- **EXERCISE PROMPT**
Once the line with "Save the Date Card Front" is found in the entries below, repeat it and each following line exactly, up to and including the line with "SNAPDRAGON, ROCKET RED". Add no other lines.

-------- DATASET --------

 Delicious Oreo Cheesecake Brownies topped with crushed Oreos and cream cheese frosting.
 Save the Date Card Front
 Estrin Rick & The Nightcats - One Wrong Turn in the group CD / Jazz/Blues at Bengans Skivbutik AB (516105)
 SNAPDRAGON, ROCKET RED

--------
-------- DATASET --------

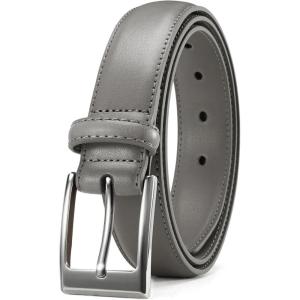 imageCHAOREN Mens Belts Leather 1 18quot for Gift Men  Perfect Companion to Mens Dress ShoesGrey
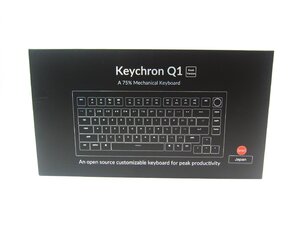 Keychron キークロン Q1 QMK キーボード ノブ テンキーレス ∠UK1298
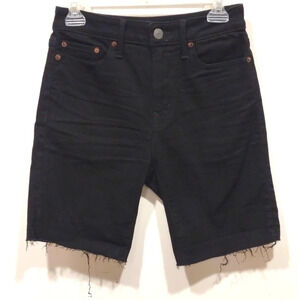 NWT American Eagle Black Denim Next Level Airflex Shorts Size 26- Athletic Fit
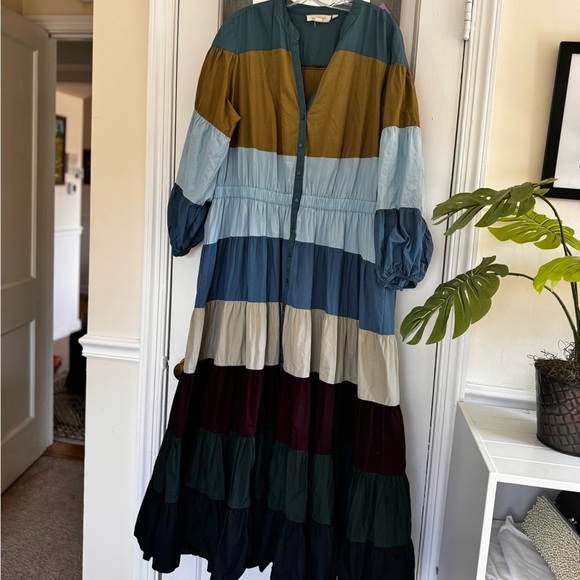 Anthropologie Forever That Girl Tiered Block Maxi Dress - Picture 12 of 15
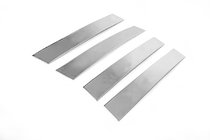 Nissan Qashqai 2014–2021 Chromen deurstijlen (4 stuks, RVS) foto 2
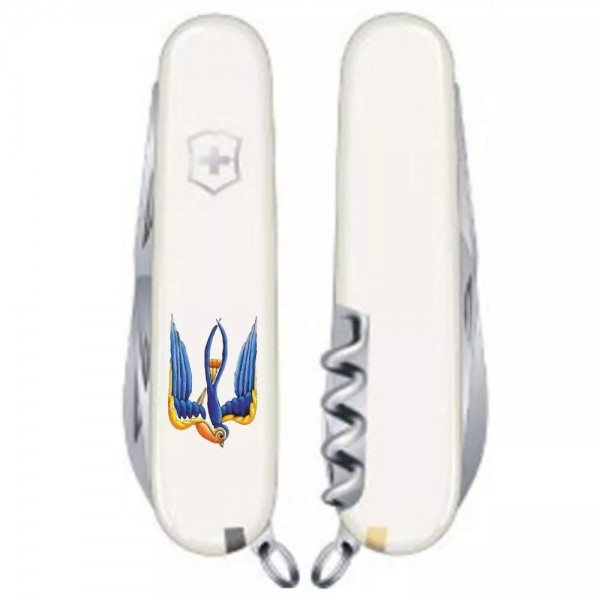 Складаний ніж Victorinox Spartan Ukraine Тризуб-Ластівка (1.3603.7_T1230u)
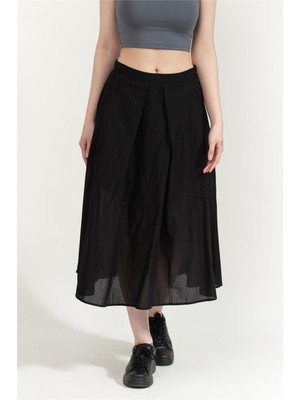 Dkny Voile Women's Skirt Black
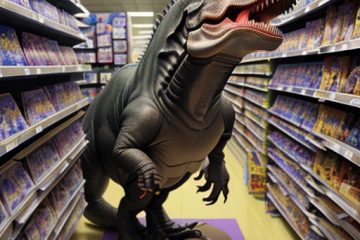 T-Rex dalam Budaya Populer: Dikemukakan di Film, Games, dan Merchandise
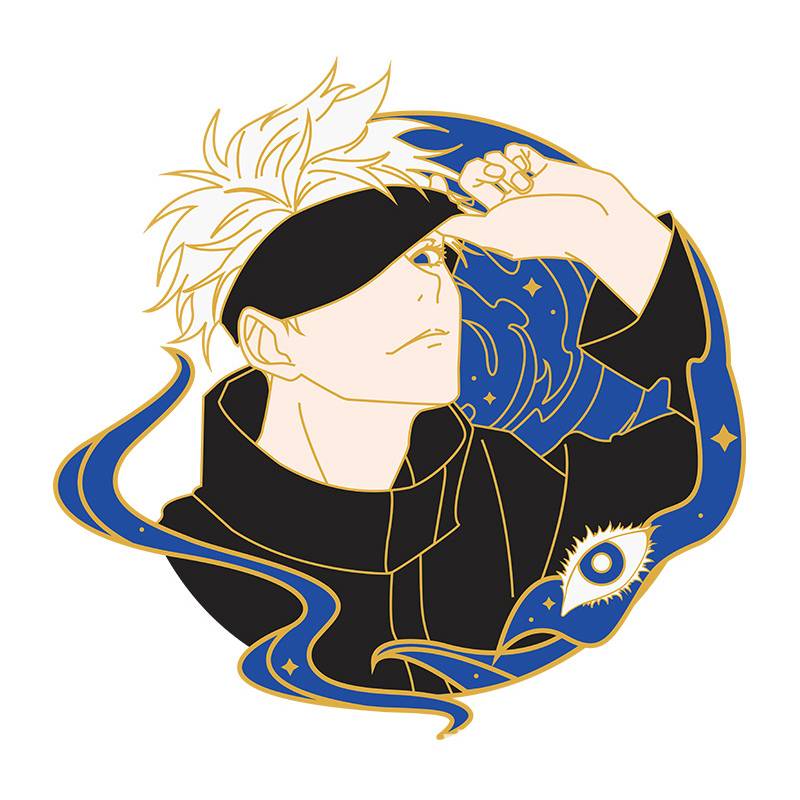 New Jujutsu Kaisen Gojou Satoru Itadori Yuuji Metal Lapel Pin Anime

--------

- **ANSWER SPACE**
 Save the Date Card Front
 Estrin Rick & The Nightcats - One Wrong Turn in the group CD / Jazz/Blues at Bengans Skivbutik AB (516105)
 SNAPDRAGON, ROCKET RED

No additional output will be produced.